Эти тропинки Навроцкий и впрямь увидел на плане. Одна из них, отмеченная стрелкой, заканчивалась жирным квадратом, обозначавшим, по-видимому, «домик». Две другие тропинки на плане Петра Алексеевича обрывались.
Под мощными раскатами грома и полившим как из ведра дождём Навроцкий направился по тропке, ведущей к дому. Костюм его сделался мокрым и грязным, и беречь его не имело смысла.
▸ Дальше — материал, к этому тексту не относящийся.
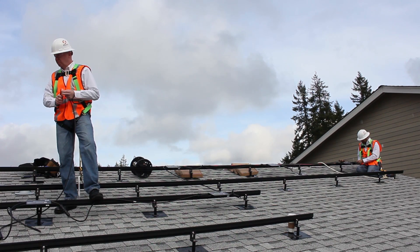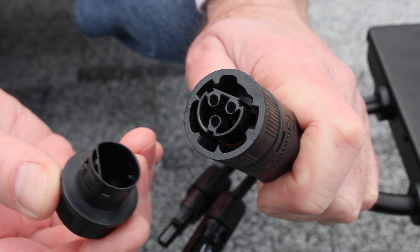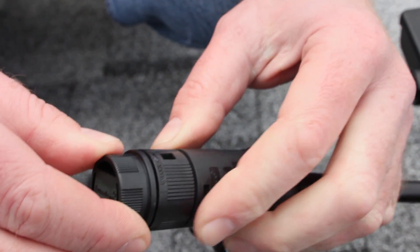Once the continuity check is complete, remember to reinstall the end cap onto the end of the daisy chain. Simply place the female dust cap onto the cable end and give it a turn and a tug to lock the cap into place. Listen for the audible click.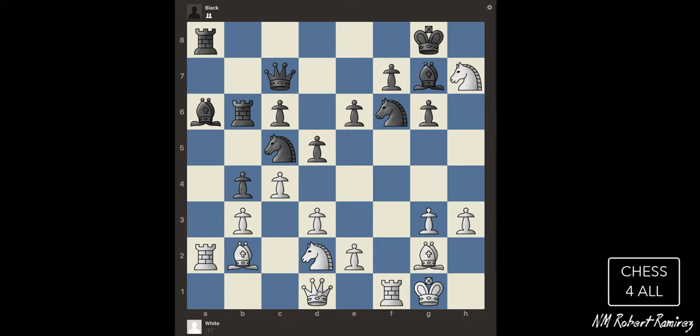Let's see the queen. Well, the white queen cannot capture anything — all of these pieces are on the same team, so the queen cannot capture anything. The king can only move to certain squares, and there's nothing there. The other two squares he could move to are occupied by his friends.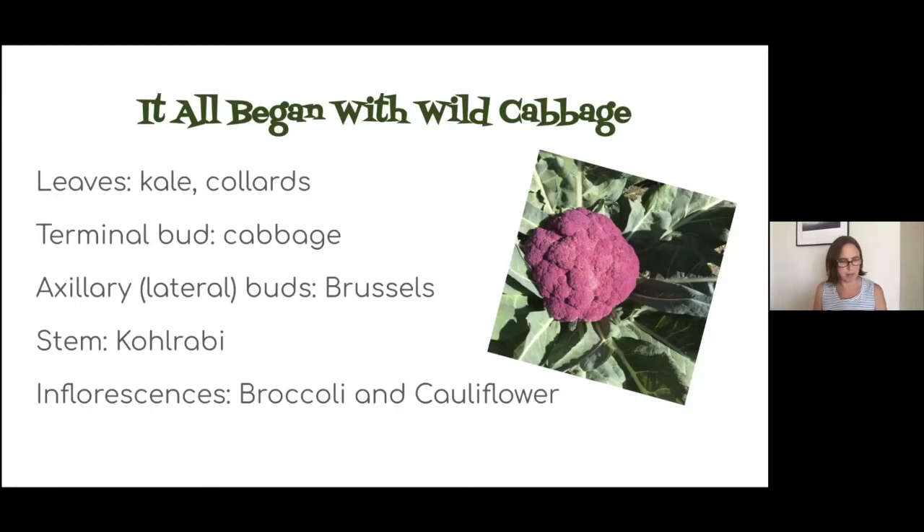Summer is not typically a time that we're growing Brassicas. They're very susceptible to heat — it'll force them to bolt. I find when I try to grow kale through summer it is much more susceptible to aphids and other pests in the warmer season because it's weakening as it grows through the heat. But now in August and early September is a great time to start Brassica seeds. That way you'll have nicely sized seedlings to transplant into the ground once it cools down in October.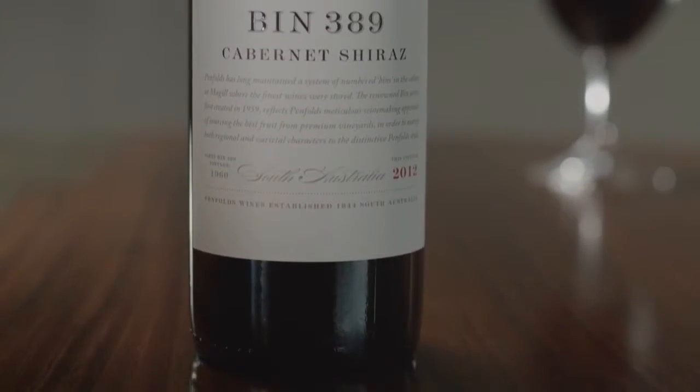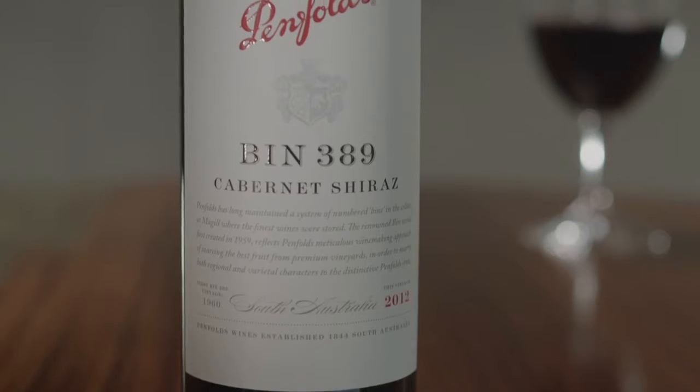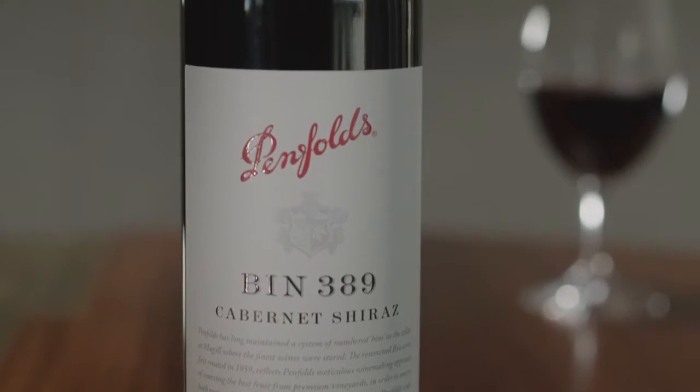Bin 389, a blend of Cabernet and Shiraz, matured using the very same oak barrels that held the previous vintage of our flagship red, Penfolds Grange. Hence, it is often referred to as the baby Grange.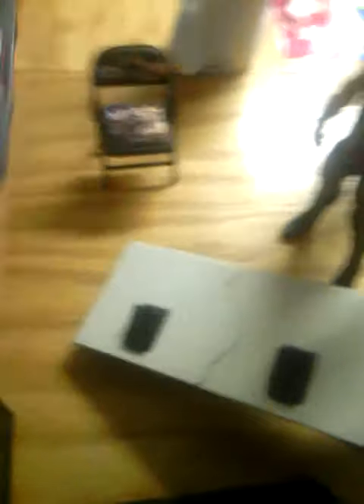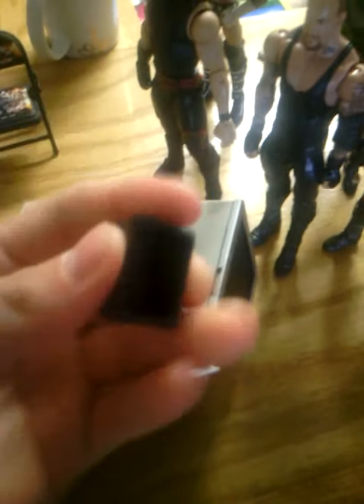This is also a sticker too. Wrestlemania cover. And a monitor. At the bottom, I don't know why it has a hole. Beats me.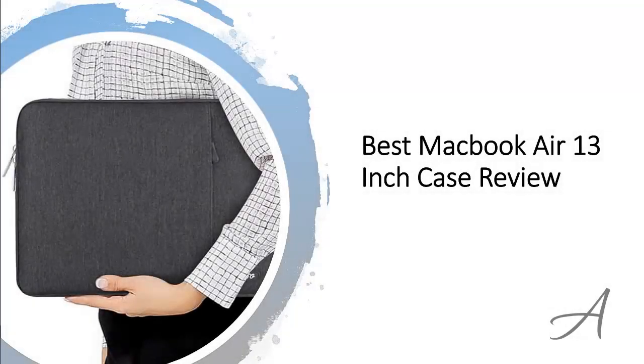Best MacBook Air 13-inch Case Review. In this video, we will share with you one of the most popular MacBook cases in the market that have been used by thousands of people who have given their stamp of approval. We will share with you some of the features of what makes this MacBook case so popular.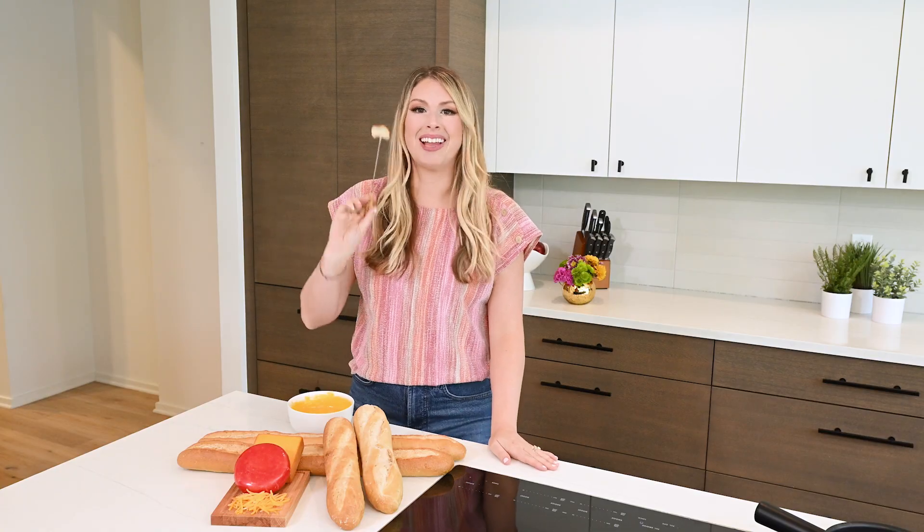And now it's time for my favorite part — let's dip in and get one of these creamy luscious cheese pools.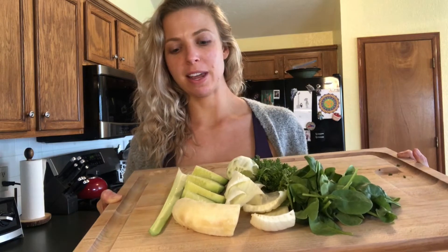Here are the fruits and vegetables that are going in. We've got celery, half a banana, half a cucumber, a peeled lime, that white stuff in the middle is fennel, some spinach, and some parsley.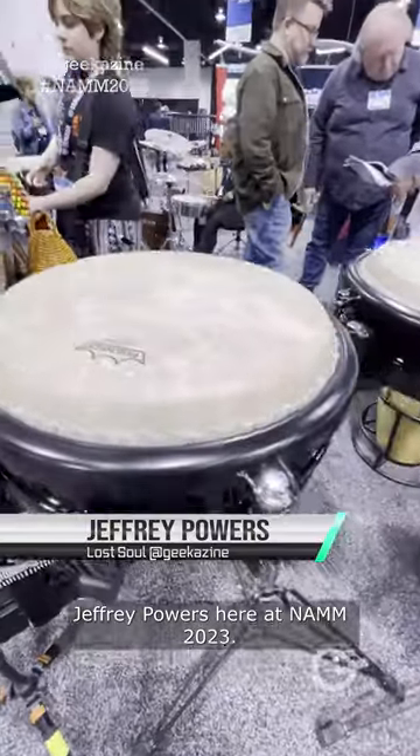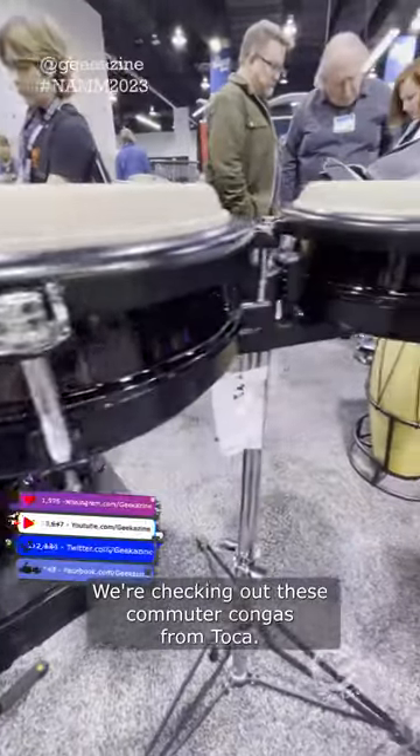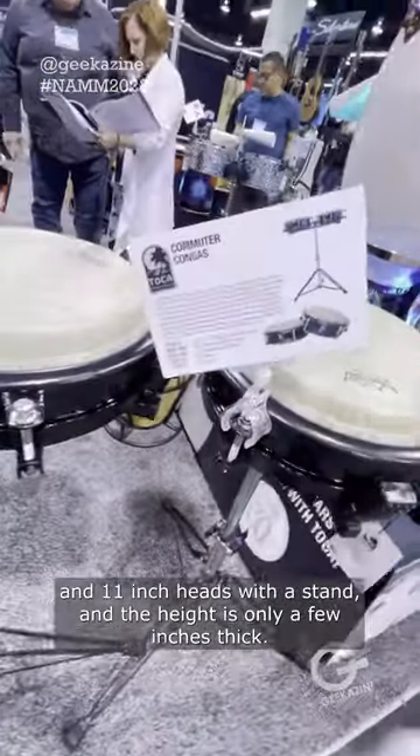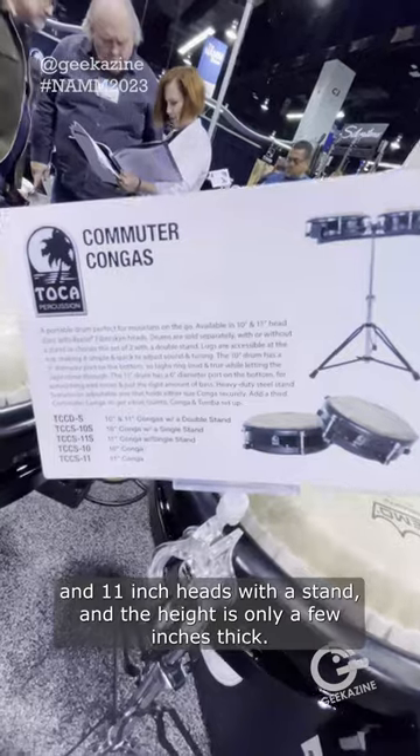Jeffrey Powers here at NAMM 2023. We're checking out these Commuter Congas from Toka. They come in 10 and 11 inch heads with a stand, and the height is only a few inches thick.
Единственным желанием Навроцкого в эту минуту было поскорее попасть под крышу и переодеться в сухое, но идти ему пришлось дольше, чем он предполагал. Он уже начал проклинать дядю, выбравшего для жилья такое глухое место, когда тропка вывела его на небольшую поляну и беспрестанно сверкавшие молнии высветили тёмный силуэт дома Дрожа всем телом, он нащупал в кармане ключ и, преследуемый зловещими вспышками и оглушительным треском, отыскал входную дверь. В сенях он едва не сшиб со стены керосиновую лампу, зажёг её и, поднявшись по узкой, ведущей в спальню лестнице, скинул с себя мокрую одежду и повалился на кровать.